ハリウッド型システムに挑戦する新しい価値観2:「映画のプロ」の目から見たクラウド・ファンディングの使いみち
キック・スターターにせよ、インディGoGoにせよ、資金すべての調達先として検討するというのはどうかと思いますが、たとえば撮影が終わった後のポスト・プロダクションの資金調達を部分的に行うなど、目的を切り分けて検討するのであれば可能性を感じますね。
投資家としての視点に立った場合、海のものとも山のものともわからない、これから作ろうという作品のアイディアに対してまとまった額のお金を出すのは不安ですが、少なくとも撮影がだいたい終わっていて、一定のレベルを満たした作品になるのではないかと予測がつくような場合においては、いくらか安心して出資をしようという気になります。
それに、今の時代アメリカで映画作品をリリースしようと思ったら、制作費の三分の一ぐらいをかけてマーケティングしなかったら売れません。ですので、映画制作のこの最後の部分の資金調達をクラウド・ファンディングで達成しようというのは、合理的なことだと思いますし、資金調達の選択肢が増えるのは良いことでしょう。

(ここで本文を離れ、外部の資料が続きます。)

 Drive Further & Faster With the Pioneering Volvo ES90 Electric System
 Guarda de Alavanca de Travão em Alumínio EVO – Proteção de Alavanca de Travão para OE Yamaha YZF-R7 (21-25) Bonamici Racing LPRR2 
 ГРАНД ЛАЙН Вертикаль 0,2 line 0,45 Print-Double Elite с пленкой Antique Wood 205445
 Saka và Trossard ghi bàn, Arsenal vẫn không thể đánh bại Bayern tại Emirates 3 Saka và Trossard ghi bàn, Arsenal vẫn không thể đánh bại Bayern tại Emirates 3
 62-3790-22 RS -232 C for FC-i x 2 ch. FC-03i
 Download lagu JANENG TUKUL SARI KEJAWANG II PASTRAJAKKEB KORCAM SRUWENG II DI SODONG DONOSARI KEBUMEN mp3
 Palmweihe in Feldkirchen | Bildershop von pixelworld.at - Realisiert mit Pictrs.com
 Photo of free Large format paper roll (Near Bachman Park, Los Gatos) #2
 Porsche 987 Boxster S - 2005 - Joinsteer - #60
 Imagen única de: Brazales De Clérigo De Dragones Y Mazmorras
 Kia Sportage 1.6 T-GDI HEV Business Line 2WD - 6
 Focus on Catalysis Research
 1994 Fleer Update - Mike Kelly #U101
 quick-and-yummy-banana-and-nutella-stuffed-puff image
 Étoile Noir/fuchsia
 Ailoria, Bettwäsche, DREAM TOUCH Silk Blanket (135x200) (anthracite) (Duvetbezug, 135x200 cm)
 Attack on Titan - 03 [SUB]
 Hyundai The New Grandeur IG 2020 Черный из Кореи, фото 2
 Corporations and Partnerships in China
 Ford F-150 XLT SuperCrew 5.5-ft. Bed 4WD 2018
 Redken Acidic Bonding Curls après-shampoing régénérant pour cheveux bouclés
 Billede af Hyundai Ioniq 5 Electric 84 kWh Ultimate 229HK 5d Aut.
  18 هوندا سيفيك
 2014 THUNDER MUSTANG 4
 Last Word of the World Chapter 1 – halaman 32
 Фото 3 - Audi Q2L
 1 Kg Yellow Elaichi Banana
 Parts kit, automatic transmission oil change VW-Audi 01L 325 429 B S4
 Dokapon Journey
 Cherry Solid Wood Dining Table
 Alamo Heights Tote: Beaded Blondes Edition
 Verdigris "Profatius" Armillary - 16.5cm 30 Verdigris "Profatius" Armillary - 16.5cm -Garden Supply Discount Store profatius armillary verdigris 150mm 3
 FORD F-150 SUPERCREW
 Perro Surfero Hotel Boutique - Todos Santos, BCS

クラウド・ファンディングでみんなが資金調達疲れという現象も
インディーズの若い映画作者にとって、キック・スターターやインディGoGoは、新たな可能性の地平を示している一方で、自分自身と親しい友人・知人のすべてが次作品のためのキャンペーンを展開中といったことにもなりがちです。そうなると、お互いにお金を出し合ったものの、それ以上に支援の輪が広がらずに、結局疲れ果ててオシマイといったことも起きているようです。
お金集めだけでなく、絶えずソーシャル・メディアに貼り付いて宣伝したり、お礼を言ったりし続けなくてはならないため、それがストレスになっているという映画作家もいました。
映画を作ることじたいは、熱意があれば何とかなりますが、商業的に映画をリリースしようとすると大変高くつきます。今の時代、オンラインのペイ・パー・ビューで、観たい人にだけ観せるという方法もありますが、オンライン上のコンテンツ数があまりにも某大なため、何かをリリースしようとしても、無名作家は埋没してしまうだけです。そのため、やはりメディアに名前を売ることは今まで以上に重要で、それなりに有名な映画祭に出品するなどして、紹介記事などがいくつか出た後で、改めてオンラインで作品をペイ・パー・ビュー配信するなど…工夫が必要ですね。
ロジャー・ガルシア氏プロフィール
香港国際映画祭 エグゼクティブ・ディレクター
2010年9月より香港国際映画祭事務局(正式名称は Hong Kong International Film Festival Society)で、香港国際映画祭 (HKIFF), エイジアン・フィルム・アウォーズ (AFA), 香港=アジア・フィルム・ファイナンシング・フォーラム (HAF)の運営責任者として辣腕を振るっている。香港生まれだが、英国のボーディング・スクールで育ち、リーズ大学で映画について学び、卒業後、二十代の 半ばで香港国際映画祭の立ち上げに尽力。その後渡米し、自身もプロデューサーとしてインディーズ、及び、ハリウッドで映画制作に携わり、世界各地の映画祭でアジア映画上映のプログラミングに関与してきた。カリフォルニア州のバークレーに自宅があるが、現在は香港ベース。美味しいものが大好きで、料理が得意 という一面も。